I keep telling you I need a home. Your face look gloomy, and seem disappointed that you cannot make me happy.

“But I am your home,” you say.

“Yes, but you always move around, and you don’t want live in this house.”

“You’re right. I’m tired of living in the city.” Then you add, “I can’t see myself getting married either.”

“But I like city and like to have marriage. So that mean we can’t have a home together,” I confirm.

“No, I didn’t say that,” you say.

You look distant to me.

Love mean home. Or, home mean love?

The fear of without home. Maybe that why I love you? The simple fear?

I am building the Great Wall around you and me because I am too scared to lose the home. I been living in that big fear since my childhood.

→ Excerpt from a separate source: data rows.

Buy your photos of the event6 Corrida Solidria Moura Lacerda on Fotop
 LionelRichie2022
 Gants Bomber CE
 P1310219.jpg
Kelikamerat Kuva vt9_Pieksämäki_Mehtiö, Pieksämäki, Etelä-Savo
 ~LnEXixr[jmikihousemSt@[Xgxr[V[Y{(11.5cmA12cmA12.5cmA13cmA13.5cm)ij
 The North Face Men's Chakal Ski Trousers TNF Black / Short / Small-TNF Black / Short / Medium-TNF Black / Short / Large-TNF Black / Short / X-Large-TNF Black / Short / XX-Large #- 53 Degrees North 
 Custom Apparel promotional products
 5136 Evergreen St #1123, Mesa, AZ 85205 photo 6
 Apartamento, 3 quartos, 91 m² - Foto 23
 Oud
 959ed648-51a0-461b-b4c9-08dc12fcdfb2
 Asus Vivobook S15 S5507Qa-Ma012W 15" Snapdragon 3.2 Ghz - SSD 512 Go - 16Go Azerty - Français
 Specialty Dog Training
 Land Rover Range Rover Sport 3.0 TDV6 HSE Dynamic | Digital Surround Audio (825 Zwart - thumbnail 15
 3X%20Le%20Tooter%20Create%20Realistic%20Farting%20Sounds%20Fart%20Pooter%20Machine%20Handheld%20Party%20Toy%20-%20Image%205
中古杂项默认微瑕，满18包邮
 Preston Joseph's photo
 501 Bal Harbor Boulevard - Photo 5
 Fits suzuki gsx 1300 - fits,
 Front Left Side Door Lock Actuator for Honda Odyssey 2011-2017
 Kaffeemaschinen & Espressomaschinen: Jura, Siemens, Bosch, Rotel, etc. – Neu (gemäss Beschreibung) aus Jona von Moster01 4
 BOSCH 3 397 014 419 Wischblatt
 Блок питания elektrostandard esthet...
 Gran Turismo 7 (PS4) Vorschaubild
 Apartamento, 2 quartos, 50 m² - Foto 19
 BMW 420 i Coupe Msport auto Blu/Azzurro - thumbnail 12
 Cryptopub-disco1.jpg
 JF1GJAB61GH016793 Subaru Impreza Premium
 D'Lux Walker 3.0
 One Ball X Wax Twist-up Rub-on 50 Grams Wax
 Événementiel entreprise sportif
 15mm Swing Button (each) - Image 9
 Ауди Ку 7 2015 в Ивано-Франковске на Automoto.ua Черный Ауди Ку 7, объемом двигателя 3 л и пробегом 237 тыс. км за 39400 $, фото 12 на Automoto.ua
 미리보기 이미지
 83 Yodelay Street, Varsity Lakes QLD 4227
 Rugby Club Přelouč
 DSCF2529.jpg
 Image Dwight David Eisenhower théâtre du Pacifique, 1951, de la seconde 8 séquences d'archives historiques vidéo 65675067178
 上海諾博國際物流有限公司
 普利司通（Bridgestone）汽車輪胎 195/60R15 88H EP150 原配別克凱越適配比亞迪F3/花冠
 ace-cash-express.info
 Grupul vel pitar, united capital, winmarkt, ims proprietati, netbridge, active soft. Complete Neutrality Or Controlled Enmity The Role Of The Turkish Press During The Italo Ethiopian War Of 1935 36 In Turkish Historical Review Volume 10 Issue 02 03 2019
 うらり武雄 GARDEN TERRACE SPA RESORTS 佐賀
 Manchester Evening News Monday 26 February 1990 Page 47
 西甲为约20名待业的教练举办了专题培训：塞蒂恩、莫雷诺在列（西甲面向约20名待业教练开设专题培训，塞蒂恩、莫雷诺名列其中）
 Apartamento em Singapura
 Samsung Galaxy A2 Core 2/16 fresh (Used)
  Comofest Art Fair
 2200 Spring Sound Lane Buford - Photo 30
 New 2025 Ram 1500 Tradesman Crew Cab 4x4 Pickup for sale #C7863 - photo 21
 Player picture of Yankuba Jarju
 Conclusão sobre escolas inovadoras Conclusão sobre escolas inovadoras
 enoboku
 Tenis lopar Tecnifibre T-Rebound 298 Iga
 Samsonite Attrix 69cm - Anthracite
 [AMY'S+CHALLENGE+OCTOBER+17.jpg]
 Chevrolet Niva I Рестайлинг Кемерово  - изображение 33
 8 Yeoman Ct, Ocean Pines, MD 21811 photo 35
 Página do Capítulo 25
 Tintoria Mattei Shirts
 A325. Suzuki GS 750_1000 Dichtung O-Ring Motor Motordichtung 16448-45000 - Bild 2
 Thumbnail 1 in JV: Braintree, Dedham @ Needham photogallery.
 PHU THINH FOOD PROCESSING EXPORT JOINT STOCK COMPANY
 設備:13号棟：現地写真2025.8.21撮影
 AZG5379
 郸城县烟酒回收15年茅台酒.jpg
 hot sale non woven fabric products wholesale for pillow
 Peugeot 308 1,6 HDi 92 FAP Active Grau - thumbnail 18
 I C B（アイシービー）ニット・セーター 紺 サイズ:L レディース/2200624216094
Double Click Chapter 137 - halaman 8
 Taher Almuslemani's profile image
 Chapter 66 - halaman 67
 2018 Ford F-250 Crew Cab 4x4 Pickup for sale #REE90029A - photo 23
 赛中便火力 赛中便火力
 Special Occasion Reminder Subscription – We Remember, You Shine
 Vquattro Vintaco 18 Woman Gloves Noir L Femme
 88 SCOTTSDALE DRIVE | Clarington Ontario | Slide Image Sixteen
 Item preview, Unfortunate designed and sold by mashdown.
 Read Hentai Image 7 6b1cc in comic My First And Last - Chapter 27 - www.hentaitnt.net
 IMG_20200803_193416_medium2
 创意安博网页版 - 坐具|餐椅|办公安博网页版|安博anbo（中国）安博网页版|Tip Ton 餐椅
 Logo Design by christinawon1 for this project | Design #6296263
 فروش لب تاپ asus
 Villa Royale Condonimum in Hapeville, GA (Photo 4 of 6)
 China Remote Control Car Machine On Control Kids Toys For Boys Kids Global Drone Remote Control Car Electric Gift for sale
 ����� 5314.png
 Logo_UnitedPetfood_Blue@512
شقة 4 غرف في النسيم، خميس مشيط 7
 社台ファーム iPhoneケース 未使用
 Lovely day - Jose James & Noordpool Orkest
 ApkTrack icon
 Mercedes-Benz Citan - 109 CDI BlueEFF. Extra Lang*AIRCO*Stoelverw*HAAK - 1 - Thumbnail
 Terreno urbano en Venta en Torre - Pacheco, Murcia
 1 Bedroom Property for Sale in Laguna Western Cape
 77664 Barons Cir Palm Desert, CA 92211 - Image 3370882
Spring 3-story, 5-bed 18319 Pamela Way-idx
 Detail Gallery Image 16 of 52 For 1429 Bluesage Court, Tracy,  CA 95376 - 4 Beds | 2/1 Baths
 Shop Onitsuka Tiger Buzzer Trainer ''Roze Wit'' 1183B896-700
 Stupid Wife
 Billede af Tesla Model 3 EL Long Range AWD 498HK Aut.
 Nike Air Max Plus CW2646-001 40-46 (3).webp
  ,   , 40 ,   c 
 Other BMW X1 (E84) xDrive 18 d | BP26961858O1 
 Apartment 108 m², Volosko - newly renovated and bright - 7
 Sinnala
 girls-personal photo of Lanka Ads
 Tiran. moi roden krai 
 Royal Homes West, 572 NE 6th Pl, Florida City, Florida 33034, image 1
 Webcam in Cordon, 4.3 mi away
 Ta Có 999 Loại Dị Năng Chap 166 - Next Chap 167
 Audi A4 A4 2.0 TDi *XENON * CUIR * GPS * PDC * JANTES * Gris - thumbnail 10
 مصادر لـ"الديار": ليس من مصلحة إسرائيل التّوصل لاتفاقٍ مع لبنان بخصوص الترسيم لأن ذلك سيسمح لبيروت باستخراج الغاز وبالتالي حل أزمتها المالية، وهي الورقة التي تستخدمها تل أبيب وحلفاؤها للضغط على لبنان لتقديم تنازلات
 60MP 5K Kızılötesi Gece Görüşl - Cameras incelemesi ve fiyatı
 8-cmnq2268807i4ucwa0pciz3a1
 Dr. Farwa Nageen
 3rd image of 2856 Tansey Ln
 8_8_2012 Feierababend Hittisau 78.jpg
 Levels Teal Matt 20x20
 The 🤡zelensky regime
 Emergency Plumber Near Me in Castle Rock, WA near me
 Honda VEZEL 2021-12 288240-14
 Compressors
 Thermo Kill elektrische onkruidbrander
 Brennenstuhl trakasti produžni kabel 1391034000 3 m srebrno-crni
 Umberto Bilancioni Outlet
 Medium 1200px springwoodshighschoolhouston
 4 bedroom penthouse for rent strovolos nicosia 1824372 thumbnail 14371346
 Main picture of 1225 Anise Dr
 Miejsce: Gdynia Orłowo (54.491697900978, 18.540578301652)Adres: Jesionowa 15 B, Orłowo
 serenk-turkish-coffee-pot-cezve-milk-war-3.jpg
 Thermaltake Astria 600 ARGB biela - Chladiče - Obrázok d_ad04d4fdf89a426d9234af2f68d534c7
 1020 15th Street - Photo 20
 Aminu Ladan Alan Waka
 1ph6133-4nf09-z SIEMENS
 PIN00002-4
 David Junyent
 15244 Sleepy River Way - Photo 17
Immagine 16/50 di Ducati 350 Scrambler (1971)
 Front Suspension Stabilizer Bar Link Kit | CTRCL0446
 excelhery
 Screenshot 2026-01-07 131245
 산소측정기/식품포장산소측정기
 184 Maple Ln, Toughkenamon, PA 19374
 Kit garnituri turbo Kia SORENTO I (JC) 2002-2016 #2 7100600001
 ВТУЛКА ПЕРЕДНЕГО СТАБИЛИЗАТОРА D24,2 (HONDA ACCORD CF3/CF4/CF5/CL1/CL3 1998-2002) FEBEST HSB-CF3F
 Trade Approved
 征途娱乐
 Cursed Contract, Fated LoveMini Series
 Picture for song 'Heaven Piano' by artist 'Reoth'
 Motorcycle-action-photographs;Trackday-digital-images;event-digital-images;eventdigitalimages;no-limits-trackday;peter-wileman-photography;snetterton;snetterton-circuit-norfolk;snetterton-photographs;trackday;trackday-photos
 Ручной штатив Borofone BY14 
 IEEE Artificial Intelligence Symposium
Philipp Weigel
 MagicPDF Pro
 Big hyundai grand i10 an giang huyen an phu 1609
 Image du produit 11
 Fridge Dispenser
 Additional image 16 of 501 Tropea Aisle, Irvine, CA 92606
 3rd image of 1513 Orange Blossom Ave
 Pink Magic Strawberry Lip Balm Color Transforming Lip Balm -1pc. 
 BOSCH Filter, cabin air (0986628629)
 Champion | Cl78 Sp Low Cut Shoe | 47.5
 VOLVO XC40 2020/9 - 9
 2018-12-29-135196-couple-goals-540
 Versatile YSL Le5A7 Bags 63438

You barely ask my childhood. To you it a blind zone. When I look back my childhood I realise how violence of my emotional world was.

We were peasants. My parents worked in rice fields. They not making shoes until I graduated from high school. After they understood they never earn money from their fields, they sold fields cheaply, and start making small business. I always being beaten up by big girls. In village people show their emotion by hitting and shouting to each other. My father hit me sometimes, also my mother. That was normal.

We were poor. The food was not enough. I was frightened to eat more than my mother expected in every meal. Occasionally there was some fried porks on the table, and it smelled like heaven. But I dared not to reach my chopsticks to the meat, which prepared only for my father. Man needs meat and man is more important than woman, of course. I looked at pork and my heart was squeezed by the desire. I give away anything for could bite one piece fried pork! My mother always watched out on the table. I hated her, but also frightened by her. She would beat my chopsticks if I reached that pork.